Il film,all'epoca,pultroppo si rivelò un clamoroso insuccesso e non ottenne il successo che si sarebbe effettivamente meritato e solamente in seguito sarebbe stato rivalutato in quello che era:un capolavoro.
Quest'opera racconta ed esalta la classica lotta tra il bene e il male(i bambini sono "l'incarnazione" del bene)mentre il pastore Harry Powell(interpretato da uno strepitoso Robert Mitchum)è la personificazione del male(le nocche tatuate con le parole ODIO e AMORE sono memorabili)che assume le sembianze di coloro che dovrebbere essere portatori di amore e che si dichiarano "figli di Dio"(e qui scatta la critica alle società profondamente bigotte).

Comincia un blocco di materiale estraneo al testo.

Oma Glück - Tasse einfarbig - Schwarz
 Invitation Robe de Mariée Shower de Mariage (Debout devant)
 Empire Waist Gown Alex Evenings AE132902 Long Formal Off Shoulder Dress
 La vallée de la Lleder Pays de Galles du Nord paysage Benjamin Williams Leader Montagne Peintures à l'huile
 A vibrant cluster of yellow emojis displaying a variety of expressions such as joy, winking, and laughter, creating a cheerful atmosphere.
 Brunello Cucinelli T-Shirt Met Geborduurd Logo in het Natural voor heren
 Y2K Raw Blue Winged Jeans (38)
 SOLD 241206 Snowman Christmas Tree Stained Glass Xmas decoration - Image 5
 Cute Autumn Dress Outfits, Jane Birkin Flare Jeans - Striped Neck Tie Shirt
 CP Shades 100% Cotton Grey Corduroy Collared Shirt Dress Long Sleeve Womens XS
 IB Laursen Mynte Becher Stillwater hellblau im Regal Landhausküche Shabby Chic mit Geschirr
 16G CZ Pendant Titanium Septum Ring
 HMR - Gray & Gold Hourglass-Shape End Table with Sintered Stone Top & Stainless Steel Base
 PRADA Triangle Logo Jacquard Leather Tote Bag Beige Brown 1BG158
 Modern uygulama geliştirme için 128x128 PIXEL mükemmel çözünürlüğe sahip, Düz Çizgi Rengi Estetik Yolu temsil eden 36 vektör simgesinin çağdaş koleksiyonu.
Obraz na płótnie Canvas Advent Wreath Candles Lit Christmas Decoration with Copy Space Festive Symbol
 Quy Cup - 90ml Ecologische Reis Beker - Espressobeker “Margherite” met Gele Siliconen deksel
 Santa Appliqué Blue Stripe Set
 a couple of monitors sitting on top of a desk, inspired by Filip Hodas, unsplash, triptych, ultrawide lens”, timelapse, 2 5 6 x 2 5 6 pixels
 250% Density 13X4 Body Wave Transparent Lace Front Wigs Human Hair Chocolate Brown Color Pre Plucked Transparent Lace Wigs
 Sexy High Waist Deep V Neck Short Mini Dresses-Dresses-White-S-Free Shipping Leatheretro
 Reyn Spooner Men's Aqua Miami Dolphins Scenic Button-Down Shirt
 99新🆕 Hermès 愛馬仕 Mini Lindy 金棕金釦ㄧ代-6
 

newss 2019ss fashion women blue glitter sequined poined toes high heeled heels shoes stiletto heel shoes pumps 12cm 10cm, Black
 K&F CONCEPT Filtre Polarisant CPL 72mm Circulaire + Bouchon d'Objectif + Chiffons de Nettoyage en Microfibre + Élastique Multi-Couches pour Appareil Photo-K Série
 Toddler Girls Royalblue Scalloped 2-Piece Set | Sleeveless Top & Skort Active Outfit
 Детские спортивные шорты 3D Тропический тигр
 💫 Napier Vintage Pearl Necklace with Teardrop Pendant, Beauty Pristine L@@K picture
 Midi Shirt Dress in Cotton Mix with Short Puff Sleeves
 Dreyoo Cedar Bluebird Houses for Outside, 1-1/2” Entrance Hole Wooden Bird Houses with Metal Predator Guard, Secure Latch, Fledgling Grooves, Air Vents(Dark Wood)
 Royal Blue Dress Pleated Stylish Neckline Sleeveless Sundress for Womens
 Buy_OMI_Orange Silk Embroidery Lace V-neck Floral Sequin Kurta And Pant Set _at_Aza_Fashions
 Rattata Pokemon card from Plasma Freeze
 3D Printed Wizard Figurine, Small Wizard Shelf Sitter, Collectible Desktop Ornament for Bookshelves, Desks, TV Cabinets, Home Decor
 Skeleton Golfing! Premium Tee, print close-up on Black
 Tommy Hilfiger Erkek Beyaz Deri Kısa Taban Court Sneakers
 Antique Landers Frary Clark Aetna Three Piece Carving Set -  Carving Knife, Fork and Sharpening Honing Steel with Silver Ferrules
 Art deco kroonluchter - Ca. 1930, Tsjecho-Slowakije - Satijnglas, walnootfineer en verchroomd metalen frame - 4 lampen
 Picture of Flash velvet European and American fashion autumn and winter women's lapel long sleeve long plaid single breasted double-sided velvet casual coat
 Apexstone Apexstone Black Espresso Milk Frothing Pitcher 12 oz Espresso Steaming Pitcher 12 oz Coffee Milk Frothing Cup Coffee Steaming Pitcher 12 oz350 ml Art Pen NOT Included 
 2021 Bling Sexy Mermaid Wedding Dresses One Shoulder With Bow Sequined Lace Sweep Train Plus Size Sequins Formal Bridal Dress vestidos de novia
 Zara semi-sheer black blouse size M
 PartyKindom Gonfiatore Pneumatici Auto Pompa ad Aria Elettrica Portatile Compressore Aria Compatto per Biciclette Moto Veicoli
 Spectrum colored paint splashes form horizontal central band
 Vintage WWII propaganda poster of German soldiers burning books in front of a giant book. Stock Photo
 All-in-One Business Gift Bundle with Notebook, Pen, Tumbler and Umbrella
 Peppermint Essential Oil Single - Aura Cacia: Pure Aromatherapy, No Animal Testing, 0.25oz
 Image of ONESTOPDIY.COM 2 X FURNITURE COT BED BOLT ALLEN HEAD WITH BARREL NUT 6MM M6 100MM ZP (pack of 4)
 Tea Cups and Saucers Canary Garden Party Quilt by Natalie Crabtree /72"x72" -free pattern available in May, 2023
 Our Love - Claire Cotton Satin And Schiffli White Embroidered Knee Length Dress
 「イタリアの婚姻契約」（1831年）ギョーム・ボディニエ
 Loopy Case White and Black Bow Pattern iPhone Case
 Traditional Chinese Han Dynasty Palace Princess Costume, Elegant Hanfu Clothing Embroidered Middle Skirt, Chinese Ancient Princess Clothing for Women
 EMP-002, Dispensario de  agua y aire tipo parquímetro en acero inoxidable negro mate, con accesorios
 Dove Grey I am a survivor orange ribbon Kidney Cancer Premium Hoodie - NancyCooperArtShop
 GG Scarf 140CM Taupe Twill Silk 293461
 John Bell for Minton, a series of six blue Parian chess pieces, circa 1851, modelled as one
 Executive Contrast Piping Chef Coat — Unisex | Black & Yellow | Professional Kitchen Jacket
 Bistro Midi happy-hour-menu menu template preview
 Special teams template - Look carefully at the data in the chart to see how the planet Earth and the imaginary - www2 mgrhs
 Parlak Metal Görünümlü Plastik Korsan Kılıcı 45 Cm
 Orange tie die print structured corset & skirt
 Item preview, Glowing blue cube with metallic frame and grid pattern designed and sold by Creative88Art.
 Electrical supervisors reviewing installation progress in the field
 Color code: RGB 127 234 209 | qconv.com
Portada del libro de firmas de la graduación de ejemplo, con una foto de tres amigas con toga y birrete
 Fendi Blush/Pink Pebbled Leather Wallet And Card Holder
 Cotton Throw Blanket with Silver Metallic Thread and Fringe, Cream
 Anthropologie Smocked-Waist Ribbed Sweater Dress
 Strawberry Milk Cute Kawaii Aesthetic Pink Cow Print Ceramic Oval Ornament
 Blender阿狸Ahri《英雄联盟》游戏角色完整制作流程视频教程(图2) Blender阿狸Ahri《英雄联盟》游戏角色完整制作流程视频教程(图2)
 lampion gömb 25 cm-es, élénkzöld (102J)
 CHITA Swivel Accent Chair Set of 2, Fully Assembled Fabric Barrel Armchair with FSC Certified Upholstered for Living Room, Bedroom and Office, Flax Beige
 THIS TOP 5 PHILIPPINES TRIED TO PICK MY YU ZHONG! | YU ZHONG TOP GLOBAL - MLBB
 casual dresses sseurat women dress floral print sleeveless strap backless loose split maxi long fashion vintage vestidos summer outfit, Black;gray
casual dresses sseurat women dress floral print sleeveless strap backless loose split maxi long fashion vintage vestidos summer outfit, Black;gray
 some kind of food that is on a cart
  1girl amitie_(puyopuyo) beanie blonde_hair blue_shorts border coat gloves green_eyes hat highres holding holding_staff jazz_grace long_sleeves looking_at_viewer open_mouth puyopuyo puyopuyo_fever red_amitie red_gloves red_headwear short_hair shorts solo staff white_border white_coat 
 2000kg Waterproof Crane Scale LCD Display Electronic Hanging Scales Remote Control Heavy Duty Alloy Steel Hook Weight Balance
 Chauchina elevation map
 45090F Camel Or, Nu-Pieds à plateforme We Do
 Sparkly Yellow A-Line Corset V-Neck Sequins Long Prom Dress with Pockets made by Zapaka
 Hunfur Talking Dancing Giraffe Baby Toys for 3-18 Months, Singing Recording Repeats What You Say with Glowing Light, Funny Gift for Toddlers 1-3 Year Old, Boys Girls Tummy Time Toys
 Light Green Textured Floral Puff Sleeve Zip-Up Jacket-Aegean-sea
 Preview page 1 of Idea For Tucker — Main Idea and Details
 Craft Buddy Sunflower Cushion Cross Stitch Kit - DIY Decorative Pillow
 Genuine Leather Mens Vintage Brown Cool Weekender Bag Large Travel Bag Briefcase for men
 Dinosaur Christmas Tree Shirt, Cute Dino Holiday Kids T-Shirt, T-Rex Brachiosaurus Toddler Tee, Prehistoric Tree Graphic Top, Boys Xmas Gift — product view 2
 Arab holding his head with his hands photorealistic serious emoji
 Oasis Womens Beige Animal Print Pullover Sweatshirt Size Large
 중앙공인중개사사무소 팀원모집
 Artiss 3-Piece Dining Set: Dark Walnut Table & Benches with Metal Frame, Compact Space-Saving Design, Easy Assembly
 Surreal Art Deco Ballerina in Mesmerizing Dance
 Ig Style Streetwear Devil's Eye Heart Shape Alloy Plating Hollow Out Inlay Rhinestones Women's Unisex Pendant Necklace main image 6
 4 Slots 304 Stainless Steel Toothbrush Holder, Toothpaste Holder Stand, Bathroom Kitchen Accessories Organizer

Il film in questione può vantare anche una sequenza bellissima come la fuga dei due piccoli protagonisti sulla barca e in cui si lasciano trasportare dalla corrente del fiume circondati dalle piccole meraviglie della natura e del cielo stellato,fino a quando non trovano rifugio in un granaio il tutto reso ancora più fiabesco e "surreale" dalla meravigliosa colonna sonora di Walter Schumann che contribuisce ad amplificare anche la dimensione oscura e tenebrosa della vicenda.
Questa grande opera prima(e unica)di Charles Laughton è una tappa importante per ogni cinefilo e quasi sicuramente andrebbe classificata tra i 100 migliori film americani.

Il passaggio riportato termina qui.